I meant to stride righteously from the room, but Freni's nails dug into my arm. They were every bit as sharp as claws, and reminded me of the time Rahab the cat climbed up my skirt.
"Let go!"
"Not until you tell me what the doctor said."
"What doctors?" Honestly, I had already put Barbara's good news out of my mind. Besides, since Freni does not have a telephone in her house, there was no way she could have called her daughter-in-law. The last Freni heard, Jonathan was going to use the family buggy to drive his wife to Bedford.
"You told me to back off the supervising," she said accusingly, "so I went out front to gather black walnuts. You said I could take as many as I wanted."
"Yes, so?" I tapped my right clodhopper. Unless Freni got right to the point, she could add me to her bucket of nuts.

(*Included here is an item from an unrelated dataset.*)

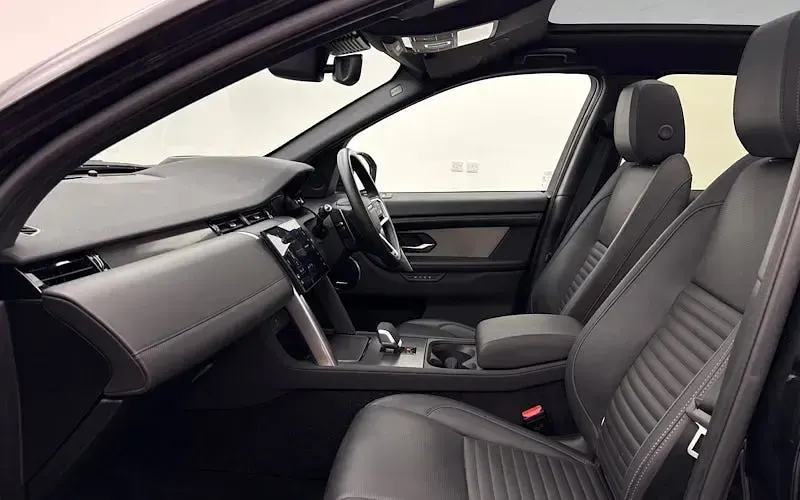 Used Land Rover Discovery Sport HSE Dynamic 204 HP (150 kW) 2024 Black SUV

"So, Elizabeth Mast drove by, and said she'd stopped in to see how Mose and Barbara were doing."
"And?" Tap, tap, tap.
"Mose is up and moving around, but that Barbara!"
My pulse put the Indy 500 to shame. "Is something wrong with Barbara/"
"Ach, isn't there always. Elizabeth said the silly girl was jumping around - dancing, she said - and singing!"
"Good for her!"
"But she's supposed to be sick. What kind of sick is that?"
I shrugged.
"Ach, you should know, Magdalena. Elizabeth said Barbara told her you took her to the doctor. That's all Barbara would tell Elizabeth. Nothing else. Is that true?"
"I suppose it is, dear. I don't think Elizabeth lies."
Although she keeps them short, Freni's nails are capable of drawing blood. "You know what I mean, Magdalena. Did you take Barbara to the doctor?"
"Suppose I did?"
"Well, what is it? Is it that mad cow disease Mose was reading about in the Budget?"
I stifled a laugh. "I hardly think so."
Then the most extraordinary thing happened. For only the second time in my life I saw tears well up in Freni's eyes. The first time that happened was at my parents' funeral. Even that had surprised me. But to cry because of a little good-natured verbal sparring? Surely not the same Freni Hostetler who could wring a chicken's neck and gut it, all without flinching.
"Freni! What is it?"
"Ach, as if you don't know! You have always taken Barbara's side against me, Magdalena. And you, my own flesh and blood!"
"I have not," I cried indignantly. For me justice is not only blind, she is often deaf. She is seldom, however, mute.
"Yah, you have," Freni wailed, and then chocked me with a full-blown sob.
"What? When?"
"That very first day Barbara stepped off the train in Pittsburgh, you said she was beautiful."
"I did not. I simply said how nice it was for Jonathan that his new wife wasn't vertically challenged. But what if I did say she was beautiful, how does that hurt you?"
"Ach, there you go again, pretending you don't know. Everything is Barbara this, Barbara that - only you don't know what that woman has done to me!"
I grabbed Freni. I wanted to shake her by those sloped shoulders until her eyes fell out. This was all about Jonathan, of course. The apron strings that attached Freni to her son were forged out of steel. No, make that industrial diamonds. Weren't they supposed to be the hardest substance in the world? Well, there was only one thing in the world that could cut, or at least loosen, those unnatural bonds.
"I'll tell you what she's done! She's gotten herself pregnant. She's about to make you a grandma!"
Freni fainted.
I screamed.
"You didn't need to give her mouth-to-mouth," I said crossly to Art.